The fundamental act of violence is the act whereby we define someone and ‘say what they are’ and we are all complicit in this act. We define everyone we meet as a matter of course. We are all complicit as individuals every time we think about someone else, saying to ourselves that they are ‘this, that or the other’, and we are all complicit as society itself – society being the way in which we all collectively define each other!



This isn’t a moral issue – it’s just what happens when mechanical processes are left to run their course. That’s just what the thinking mind does, in other words – it judges, it evaluates, it categorises. There is no way that thought couldn’t judge or evaluate or categorise; there is no way that this could be otherwise – sorting out information into categories is thought’s essential operation! There is no way that it could be. As useful as this action might be in practical day-to-day terms (recognising a teacup as a teacup, or a spoon as a spoon, or a set of traffic lights has a set of traffic lights) – when it comes to human beings (or any living beings for that matter) the act of defining (or ‘literally representing’) is the primary act of violence.

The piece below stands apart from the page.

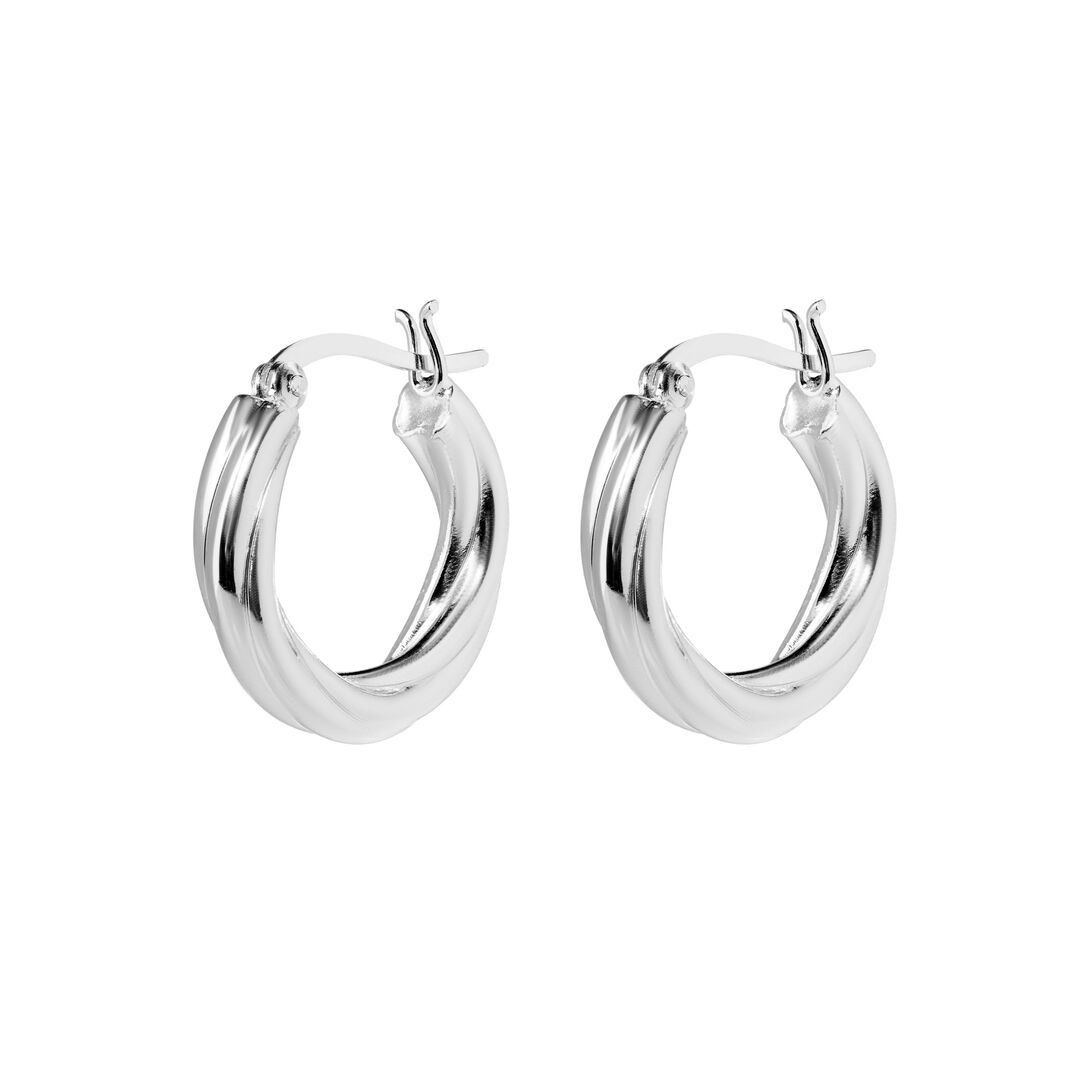 Серьги Silver Thin Twisted Earrings PLAIN STUDIO фото 1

The reason we can say this is because we are not what we define ourselves (or each other) as being. There is a fundamental ‘misrepresentation’ going on here – a fundamental lie, in other words. Definitions shunt us imperceptibly into a false world. This process of ‘being defined’ starts, of course, shortly after we are born and it continues unceasingly from this point. Again, this is not any kind of moral observation; there is no blame involved – there is no deliberate ‘wrong-doing’. We can’t help defining everyone and everything in sight just as long as we are operating on the basis of the thinking mind, and we almost always are operating on this basis. We know no other basis to operate from.

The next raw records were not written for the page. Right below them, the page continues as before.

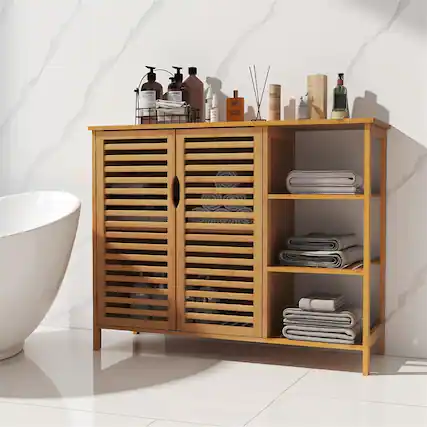 Front. Pefilos - 2-Door Bamboo Bathroom Cabinet, Storage Organizer with Shelves, Ventilated, Natural - Brown.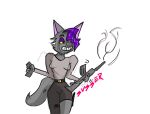 absurd_res anthro breasts canid canine canis ccr_graph clothing dirty_clothing female fur grey_body grey_fur gun hair hi_res hybrid legs mammal purple_hair ranged_weapon sketch skinny solo torn_clothing weapon wolf wolfdog yellow_eyes 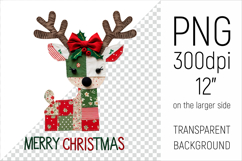 Christmas Patchwork Reindeer Clipart. Perfect for Christmas crafts, digital scrapbooking, stickers, greeting cards, DIY decor, and sublimation printing.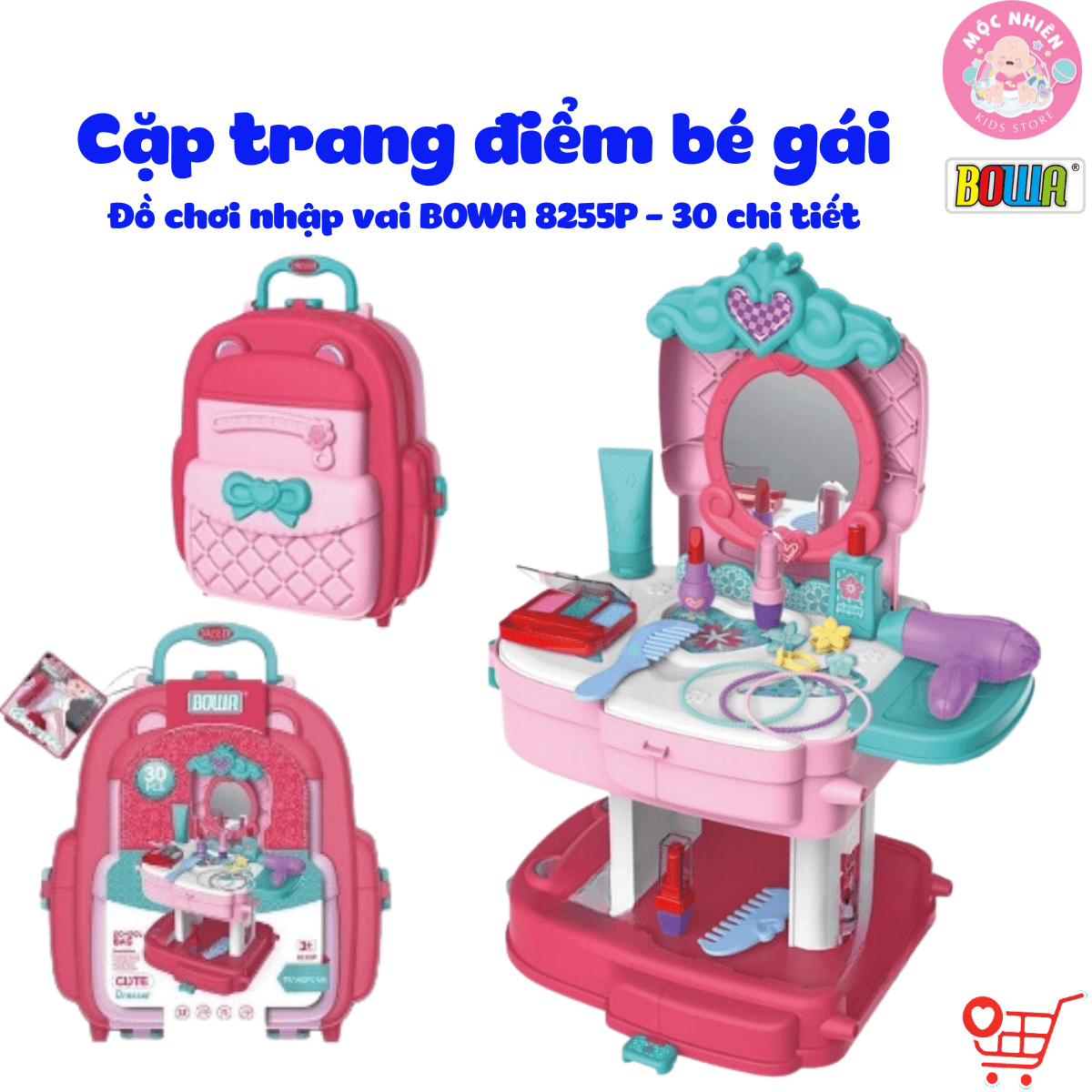 Đồ chơi hướng nghiệp nhập vai BOWA 8255P Cặp trang điểm bé gái 2in1 gồm 30 chi tiết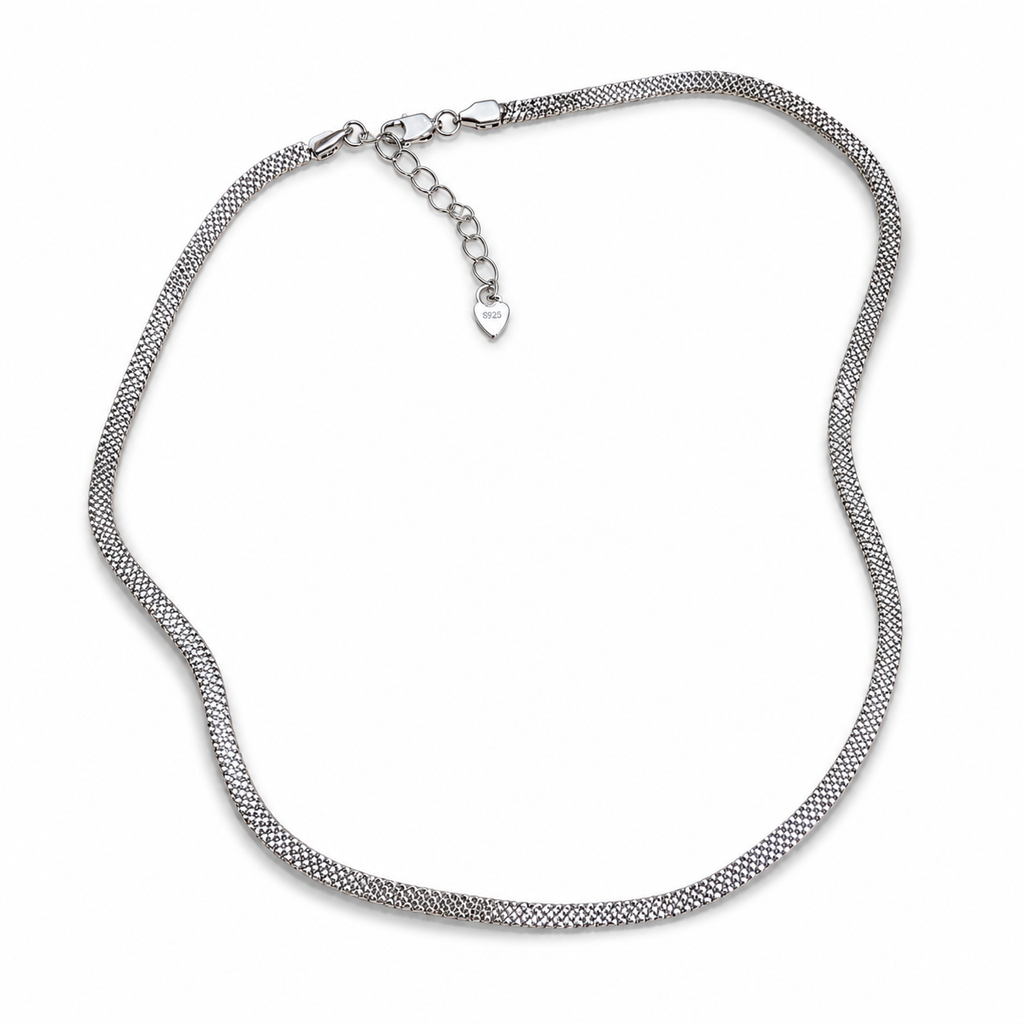Sterling Silver Snake Chain Necklace 4mm | Rhodium Plated 925 Silver Chain | 40+5 cm | Hypoallergenic Minimalist Necklace for Women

On the face of it, without going into it any deeper, we might perhaps wonder what the big deal about this is – why are we throwing words like ‘violence’ around so freely? Why would be so dramatic about it? Is it really so terrible to be defined by society, defined by your family, or by people you might meet on the street? On one level of things, this is actually okay – we actually welcome it. We want to be defined! If we happen to be patriotic about the country that we happen to live in  – whatever country that might be – then this is a perfect example of us welcoming ‘being defined’. We get a good feeling from saying that we have this that or the other national identity; we get a fierce sense of joy from declaring allegiance to our country. And yet at the same time the prized sense of national identity is a lie – of course it’s a lie – what else could it be? I might shout in the streets that I am English or French or Spanish but that simply isn’t true; there’s no such thing as ‘English’ or ‘French’ or ‘Spanish’, or whatever else – these are all fictions (or ‘social constructions’) that we have chosen to believe in, very obviously!

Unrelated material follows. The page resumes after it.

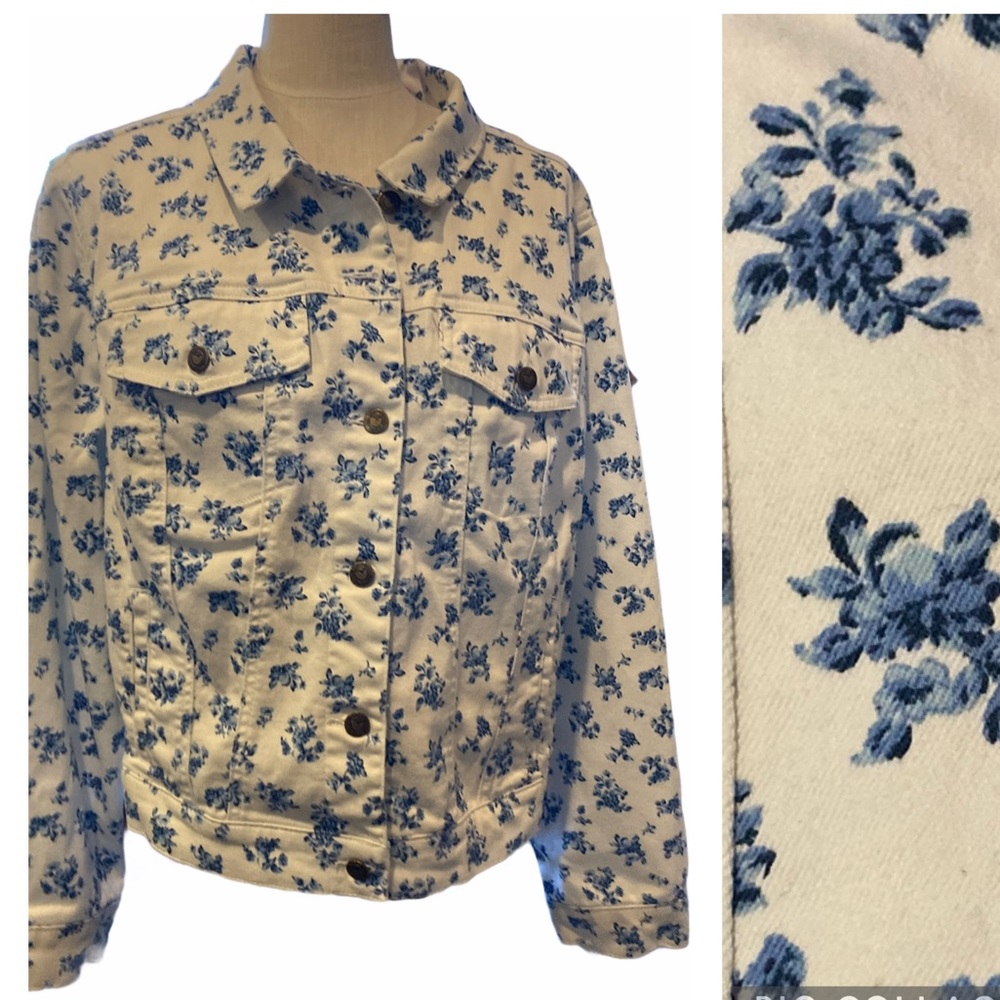 WOMAN WITHIN 22W China WHT&blue floral Jean jacket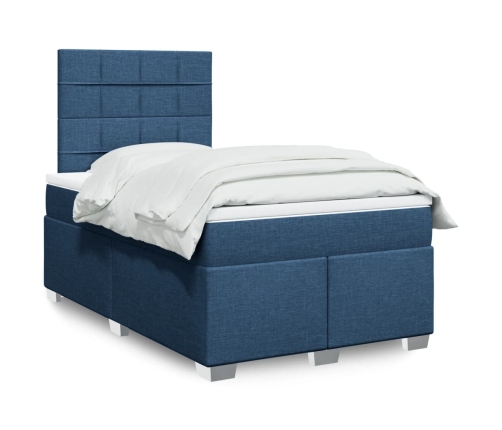 Cama box spring con colchón tela azul 120x190 cm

At the same time as we declare allegiance to who we say we are (or to who others say we are) we deny who we really are and there’s no way that this isn’t going to be the case. Positive identity is always denial. This is in the nature of definition – by saying what something is we are also saying what it is not, and ‘what it is not’ is always a far wider field of possibilities than what we are saying it supposedly is! Definition is denial, therefore. If we say that the ‘total field of all possibilities’ is The Pie, then what something is defined as being isn’t just ‘a very thin slice’, it’s an infinitely thin slice, it’s an abstraction of the pie. Definitions are always abstractions; if they weren’t then they wouldn’t be separate to (or distinct from) every other definition and so there would just be a blur. We separate something by defining it, obviously. We declare allegiance to the abstraction therefore and at the same time as declaring allegiance to the abstraction we deny the reality which is the whole pie. And – of course – the whole pie is the only pie there is! If there is a ‘slice of the pie’, then that slice is also the pie. There is in other words ‘Wholeness’ in every little bit of the pie, which is the Anaxagorean (or holographic) Principle. That’s how it gets to be real – by partaking in the Wholeness! The only thing there ISN’T any Wholeness in is the abstraction, which isn’t actually anything at all really. An abstraction always denies the Wholeness from which it arises.




So here we have a very strange thing to consider – when we deny the Wholeness of who we really are and pledge absolute allegiance to the ‘abstract identity’ we actually feel good about doing this! The action of denying our true nature is pleasurable; to very emphatically say that we are what we are not brings intense gratification! To allow oneself to be defined is in other words a euphoric business, and this clears up the mystery as to why we should all be so very keen to have someone say who we are. This explains why the trap works so well. We all want the sweet, sweet honey of euphoria, after all! There is of course no need to ask why the state of ‘being defined’ is a trap – the question answers itself! How could ‘the state of being defined’ not be a trap?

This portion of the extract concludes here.